* Directions for this task
Among the entries below, find the lines that hold the word "leather" and report them.

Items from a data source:
● ● ● ● ● ● ●

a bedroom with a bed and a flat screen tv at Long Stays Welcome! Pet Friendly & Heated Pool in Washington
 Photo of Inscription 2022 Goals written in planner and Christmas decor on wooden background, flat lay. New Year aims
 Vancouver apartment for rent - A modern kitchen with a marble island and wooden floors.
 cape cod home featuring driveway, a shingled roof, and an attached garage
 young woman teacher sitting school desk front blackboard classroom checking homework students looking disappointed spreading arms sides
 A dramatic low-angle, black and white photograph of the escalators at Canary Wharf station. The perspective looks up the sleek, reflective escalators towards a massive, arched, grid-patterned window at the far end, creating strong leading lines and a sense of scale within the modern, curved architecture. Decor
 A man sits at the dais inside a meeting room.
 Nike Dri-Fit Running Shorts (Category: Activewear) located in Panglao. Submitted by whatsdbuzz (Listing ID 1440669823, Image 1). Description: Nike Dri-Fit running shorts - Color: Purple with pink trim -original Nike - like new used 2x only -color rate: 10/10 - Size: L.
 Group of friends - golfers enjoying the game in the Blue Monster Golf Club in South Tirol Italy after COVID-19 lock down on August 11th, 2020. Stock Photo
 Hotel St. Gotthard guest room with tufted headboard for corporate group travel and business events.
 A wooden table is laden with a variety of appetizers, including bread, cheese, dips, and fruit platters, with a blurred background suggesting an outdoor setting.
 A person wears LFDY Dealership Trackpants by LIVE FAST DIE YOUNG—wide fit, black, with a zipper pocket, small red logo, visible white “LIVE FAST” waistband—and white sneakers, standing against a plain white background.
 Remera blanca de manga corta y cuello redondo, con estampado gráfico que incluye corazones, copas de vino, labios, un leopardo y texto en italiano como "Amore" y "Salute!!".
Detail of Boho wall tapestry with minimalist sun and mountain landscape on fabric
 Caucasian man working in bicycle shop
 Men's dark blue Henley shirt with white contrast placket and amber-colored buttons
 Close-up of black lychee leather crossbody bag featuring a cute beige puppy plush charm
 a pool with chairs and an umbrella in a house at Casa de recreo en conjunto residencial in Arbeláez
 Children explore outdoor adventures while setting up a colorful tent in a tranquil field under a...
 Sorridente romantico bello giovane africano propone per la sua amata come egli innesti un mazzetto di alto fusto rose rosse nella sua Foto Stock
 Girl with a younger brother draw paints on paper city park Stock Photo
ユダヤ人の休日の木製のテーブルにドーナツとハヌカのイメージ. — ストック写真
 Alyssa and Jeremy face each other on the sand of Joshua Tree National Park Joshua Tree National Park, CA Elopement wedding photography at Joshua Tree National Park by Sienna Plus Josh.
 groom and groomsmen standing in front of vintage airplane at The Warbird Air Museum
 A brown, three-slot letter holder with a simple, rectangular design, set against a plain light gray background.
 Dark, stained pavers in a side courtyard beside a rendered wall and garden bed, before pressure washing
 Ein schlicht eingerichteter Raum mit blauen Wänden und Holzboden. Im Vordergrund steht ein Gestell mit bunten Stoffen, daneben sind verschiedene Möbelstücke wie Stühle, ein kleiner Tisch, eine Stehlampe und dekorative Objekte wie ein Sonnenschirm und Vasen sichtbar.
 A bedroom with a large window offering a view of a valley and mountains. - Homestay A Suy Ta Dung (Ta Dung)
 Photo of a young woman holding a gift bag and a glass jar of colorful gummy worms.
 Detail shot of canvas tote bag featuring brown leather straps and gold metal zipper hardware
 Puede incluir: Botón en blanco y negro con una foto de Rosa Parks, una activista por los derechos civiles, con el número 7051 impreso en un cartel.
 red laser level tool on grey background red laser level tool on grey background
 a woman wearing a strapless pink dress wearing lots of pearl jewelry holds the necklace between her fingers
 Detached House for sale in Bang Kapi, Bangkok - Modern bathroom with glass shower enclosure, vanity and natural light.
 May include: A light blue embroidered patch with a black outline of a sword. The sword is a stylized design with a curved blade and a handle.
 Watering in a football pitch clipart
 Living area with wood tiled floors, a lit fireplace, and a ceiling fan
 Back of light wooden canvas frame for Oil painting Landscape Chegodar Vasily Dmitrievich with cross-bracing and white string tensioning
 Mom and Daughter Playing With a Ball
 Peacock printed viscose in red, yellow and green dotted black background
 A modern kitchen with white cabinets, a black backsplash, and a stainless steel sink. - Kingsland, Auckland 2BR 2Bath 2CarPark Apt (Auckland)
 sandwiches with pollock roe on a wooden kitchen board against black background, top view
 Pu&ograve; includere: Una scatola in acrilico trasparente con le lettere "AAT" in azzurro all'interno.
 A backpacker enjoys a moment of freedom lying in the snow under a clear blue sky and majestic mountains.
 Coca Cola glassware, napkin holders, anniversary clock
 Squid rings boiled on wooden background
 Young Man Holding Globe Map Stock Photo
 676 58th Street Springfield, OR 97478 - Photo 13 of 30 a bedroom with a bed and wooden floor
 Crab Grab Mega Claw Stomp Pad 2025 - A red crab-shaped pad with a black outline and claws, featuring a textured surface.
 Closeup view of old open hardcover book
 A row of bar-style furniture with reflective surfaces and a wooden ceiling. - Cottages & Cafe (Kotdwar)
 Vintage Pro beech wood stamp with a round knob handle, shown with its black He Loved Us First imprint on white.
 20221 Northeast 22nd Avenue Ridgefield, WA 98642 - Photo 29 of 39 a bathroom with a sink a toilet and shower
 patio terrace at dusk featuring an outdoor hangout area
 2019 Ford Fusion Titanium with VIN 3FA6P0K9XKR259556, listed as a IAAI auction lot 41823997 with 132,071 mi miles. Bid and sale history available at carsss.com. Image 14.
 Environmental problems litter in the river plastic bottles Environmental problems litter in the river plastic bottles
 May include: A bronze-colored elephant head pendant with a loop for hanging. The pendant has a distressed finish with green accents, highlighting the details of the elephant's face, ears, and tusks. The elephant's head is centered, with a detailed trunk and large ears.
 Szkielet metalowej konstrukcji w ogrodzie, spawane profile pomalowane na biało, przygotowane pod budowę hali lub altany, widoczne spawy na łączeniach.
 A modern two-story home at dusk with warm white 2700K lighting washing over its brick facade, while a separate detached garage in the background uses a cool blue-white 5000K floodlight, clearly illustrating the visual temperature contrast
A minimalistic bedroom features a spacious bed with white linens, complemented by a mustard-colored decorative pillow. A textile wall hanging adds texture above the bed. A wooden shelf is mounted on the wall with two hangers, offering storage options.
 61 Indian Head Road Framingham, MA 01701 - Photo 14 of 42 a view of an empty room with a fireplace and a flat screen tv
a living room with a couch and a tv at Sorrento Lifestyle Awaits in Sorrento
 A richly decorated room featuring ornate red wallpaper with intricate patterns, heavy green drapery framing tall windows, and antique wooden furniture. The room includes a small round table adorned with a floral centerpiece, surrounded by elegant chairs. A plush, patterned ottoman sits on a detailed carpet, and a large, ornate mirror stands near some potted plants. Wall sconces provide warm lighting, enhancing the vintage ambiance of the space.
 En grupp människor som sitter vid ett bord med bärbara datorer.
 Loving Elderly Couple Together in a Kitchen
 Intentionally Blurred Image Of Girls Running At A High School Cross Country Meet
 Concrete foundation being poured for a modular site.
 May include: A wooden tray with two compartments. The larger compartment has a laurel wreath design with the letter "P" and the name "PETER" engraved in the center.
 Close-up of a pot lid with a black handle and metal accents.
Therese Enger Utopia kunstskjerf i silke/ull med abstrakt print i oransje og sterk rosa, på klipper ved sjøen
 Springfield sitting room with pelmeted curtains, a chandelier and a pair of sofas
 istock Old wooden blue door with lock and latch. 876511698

● ● ● ● ● ● ●

* Exercise response
 Close-up of black lychee leather crossbody bag featuring a cute beige puppy plush charm
 Detail shot of canvas tote bag featuring brown leather straps and gold metal zipper hardware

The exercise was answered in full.